16. Withholding. The Company shall have the right to withhold from all payments made pursuant to this Agreement any federal, state, or local taxes and such other amounts as may be required by law to be withheld from such payments.

17. Assignability. The Company may assign this Agreement and its rights and obligations hereunder in whole, but not in part, to any entity to which the Company may transfer all or substantially all of its assets, if in any such case said entity shall expressly in writing assume all obligations of the Company hereunder as fully as if it had been originally made a party hereto. The Company may not otherwise assign this Agreement or its rights and obligations hereunder. This Agreement is personal to Executive and his rights and duties hereunder shall not be assigned except as expressly agreed to in writing by the Company.

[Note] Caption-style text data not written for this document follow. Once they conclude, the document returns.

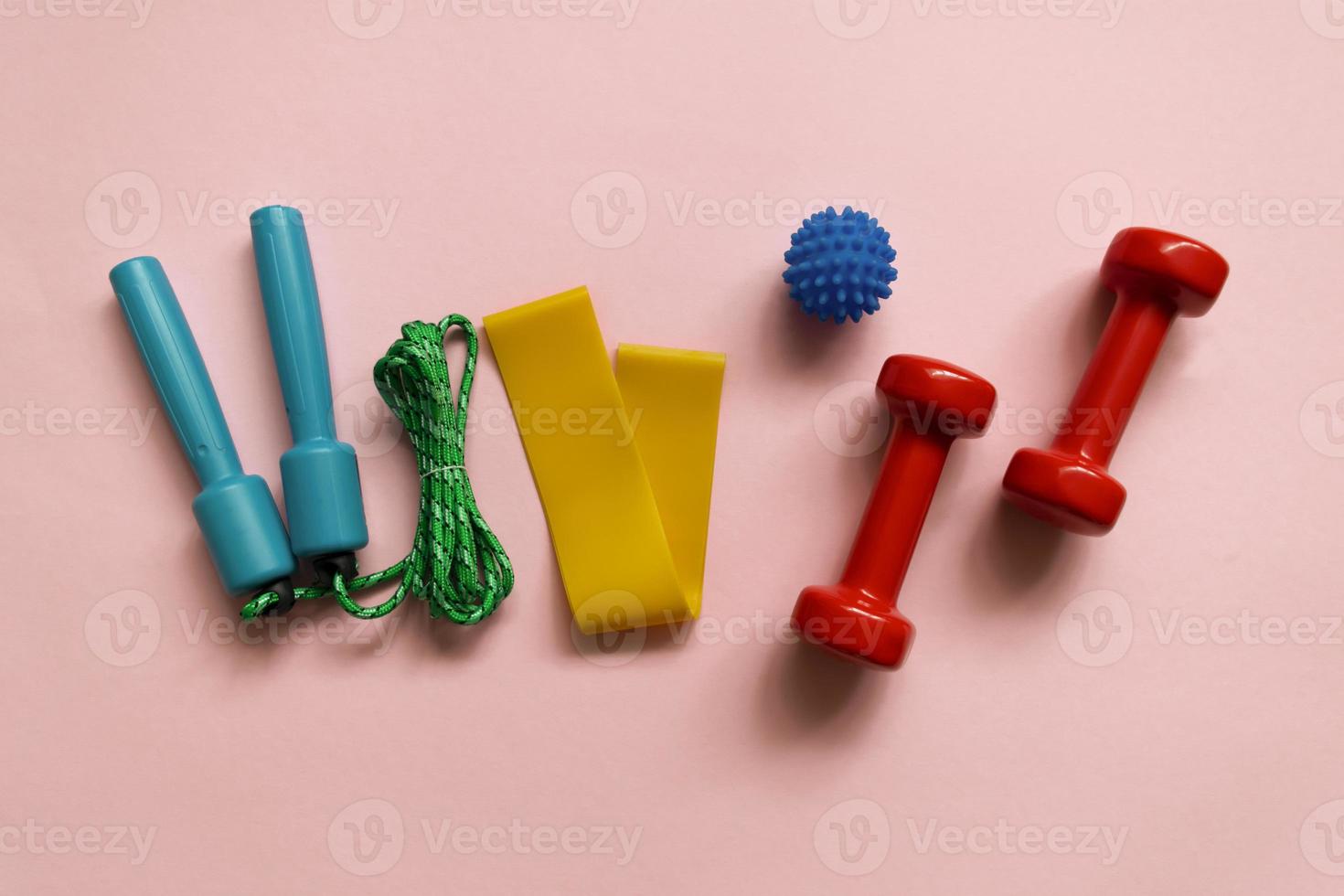 Sport, fitness equipment on pink background. Flat lay composition photo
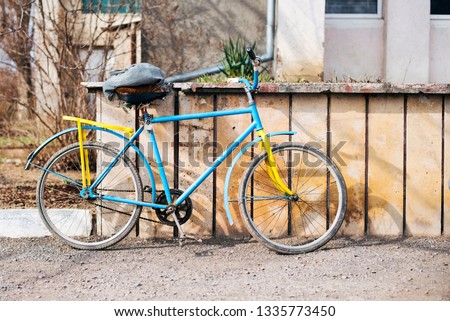 An old bike on which the grandfather goes to work. The bike is blue yellow without a lock standing on the street so that it is easy to steal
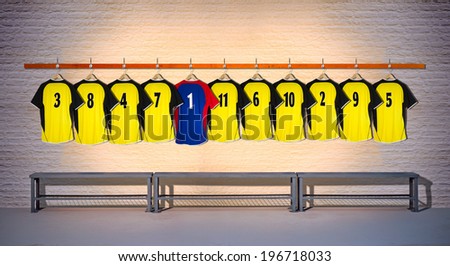 Row of Yellow Football Shirts with Blue Shirt 3-5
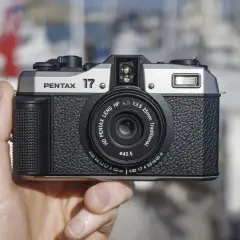 A hand holds the highest quality film camera, a silver and black Pentax 17, with a blurred marina in the background.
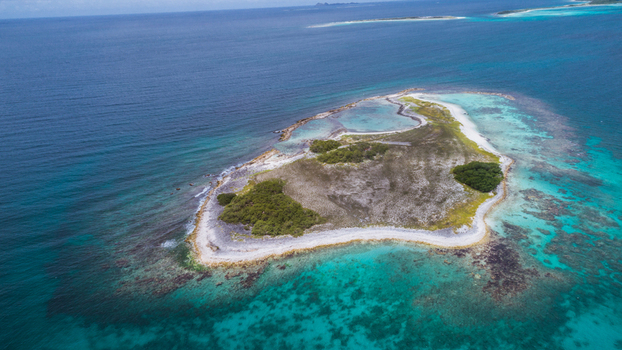 Aerial view of Los Roques archipelago featuring a small island surrounded by turquoise Caribbean waters coral reefs and white sandy beaches in Los Roques Dependencias Federales Venezuela. Aerial view of Los Roques archipelago featuring a small island surrounded by turquoise Caribbean waters coral reefs and white sandy beaches in Los Roques Dependencias Federales Venezuela.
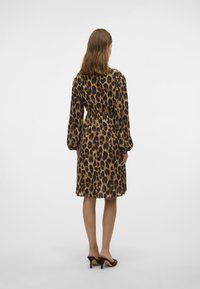 Vestido de leopardo con mangas largas y cintura elástica, que presenta una silueta holgada. La tela tiene una textura suave y se lleva con tacones.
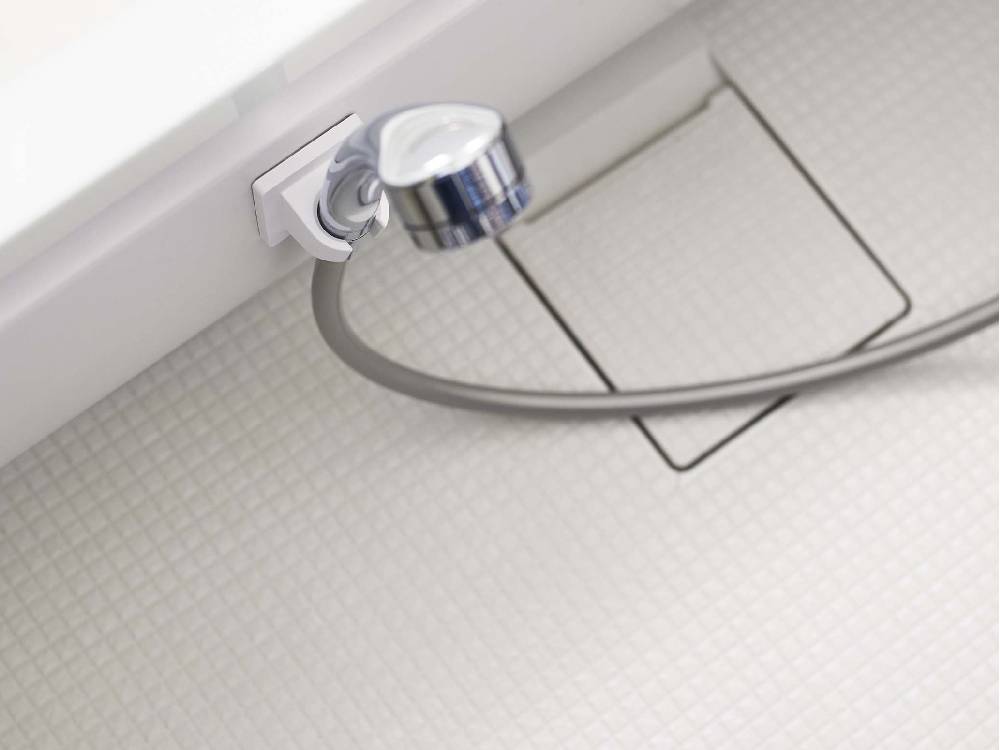 銀色のフィルムフックシャワーホルダーがタイル張りのバスルーム壁に取り付けられている様子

18. Death of Executive. If Executive dies during the term of this Agreement, the Company shall pay Executive’s spouse a death benefit equal to one (1) times Executive’s Base Salary at the time of his death, which shall be paid to Executive’s spouse in a lump sum cash payment within thirty (30) days following the date of Executive’s death. In addition, the Company shall pay to Executive’s spouse and eligible dependents for the period ending on the earlier of (i) the first anniversary of Executive’s death, or (ii) the first month in which Executive’s spouse and/or eligible dependents do not pay to the Company the applicable monthly premium for COBRA insurance coverage under the Company’s group health plan, a monthly cash payment that is equal to Executive’s monthly premium cost for “COBRA” family health coverage under the Company’s group health plan. The first monthly cash payment provided for in the immediately preceding sentence shall be paid within thirty (30) days following the date of Executive’s death and each monthly payment thereafter shall be paid on the first business day of each month, commencing with the second month that follows the date of Executive’s death. Any amounts due Executive under this Agreement (not including any Base Salary not yet earned by Executive) unpaid as of the date of Executive’s death shall be paid in a single sum on the first business day of the second month following Executive’s death to Executive’s surviving spouse, or if none, to the duly appointed personal representative of his estate.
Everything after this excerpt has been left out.